I went out for track in both junior high and high school. I never placed in any of my races. I went out for basketball as a junior in high school but the first warm up made my legs hurt for three days.
I'm not a fast runner but I've built up the endurance through taekwondo and through persistence.
I break down my running exercises into two categories. Intervals and distance.
Intervals
This is build stamina. My normal regimen is walk fifty yards, jog fifty yards, sprint fifty yards. That's one set. I've worked myself up to eight and sometimes twelve sets. Then I'll change the routine and do eight sets with the ninth and tenth being walk, jog, sprint one hundred yards. Or, I'll vary the intervals each set. The first will be the usual fifty, then on the second set I'll walk forty, jog and sprint sixty. The third set I drop the walking down to thirty and the jog/sprint to seventy. I've done the intervals around the track doing hundred yard stretches each time. I've done the intervals on the street in front of my apartment using the apartment buildings' (there are five in all) mailboxes as my distances.

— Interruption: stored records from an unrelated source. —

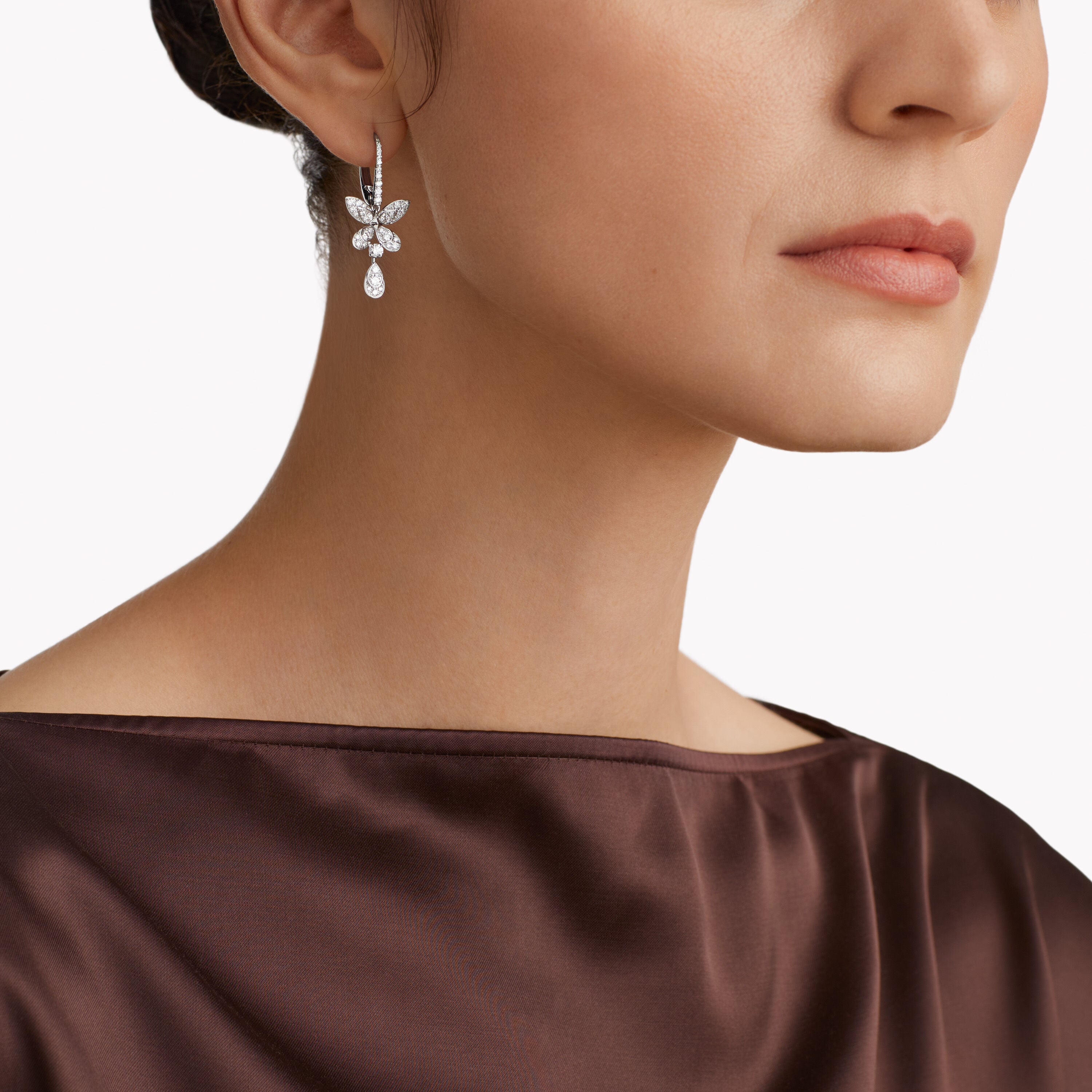 Carave Paris Rose Gold Butterfly Drop Earrings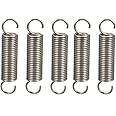 sourcing map Extended Tension Spring Wire Diameter 0.047", OD 0.39", Free Length 1.97" Stainless Steel Small Dual Hook Tension Spring 5pcs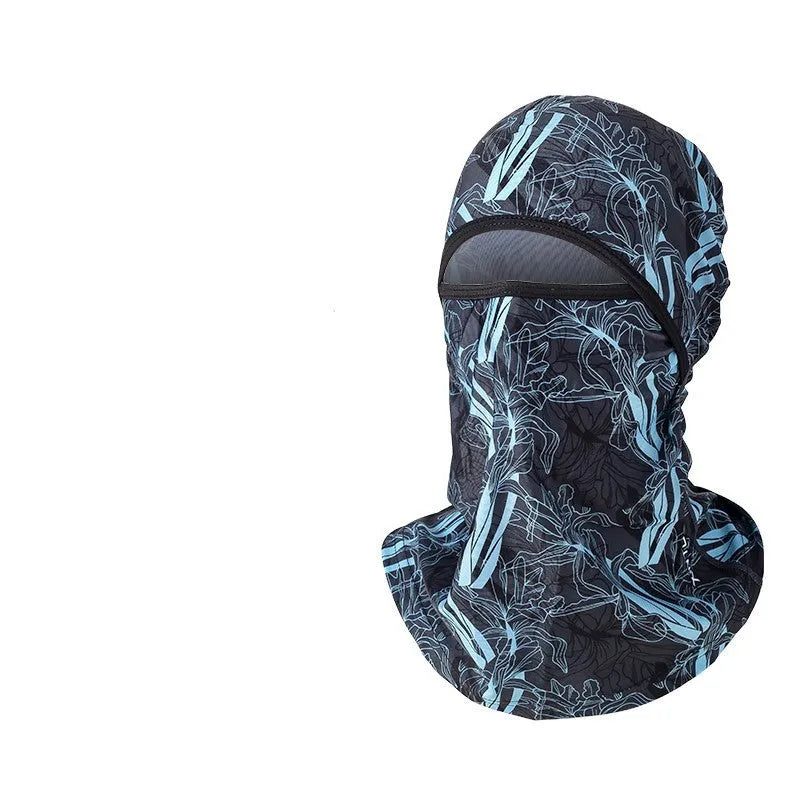Motorcycle windproof head cover with gloves set in cotton fabric, street-style dome design for autumn winter riding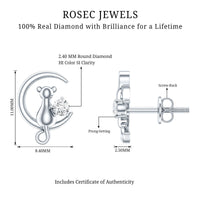 Diamond Cat Moon Stud Earrings for Women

For writing, I liken the intervals to writing in spurts. Quick pages here and there, different times of the day. Short scenes. Dialogue. Description. Sometimes this works just to get down an idea or to detail a scene.
Distance
This is done one of two ways (a subset of the subset if you will). Either I will set the cell phone alarm (usually for fifteen minutes) and take off running in one direction or zig-zag through town. When the alarm rings, I turn back. The second distance is set myself a specific number of laps around the track. Usually ten which is about two and a half miles. I can vary the routine by using a different lane each lap.
In writing you can set the time factor to a specific number of hours to write or a certain goal, such as the end of a chapter. Many times when I 'distance' write I get 'in the zone'. For runners, there's a point where they push past the pain and the exhaustion and they can run for many more miles. For writers, the zone is when they know they're on a roll and the words just flow. I'll know when to quit when I'm writing longhand and my hand starts to ache.
Again, it's good to celebrate the achievement of that goal. I push myself to do one more lap or push myself to go a little bit farther.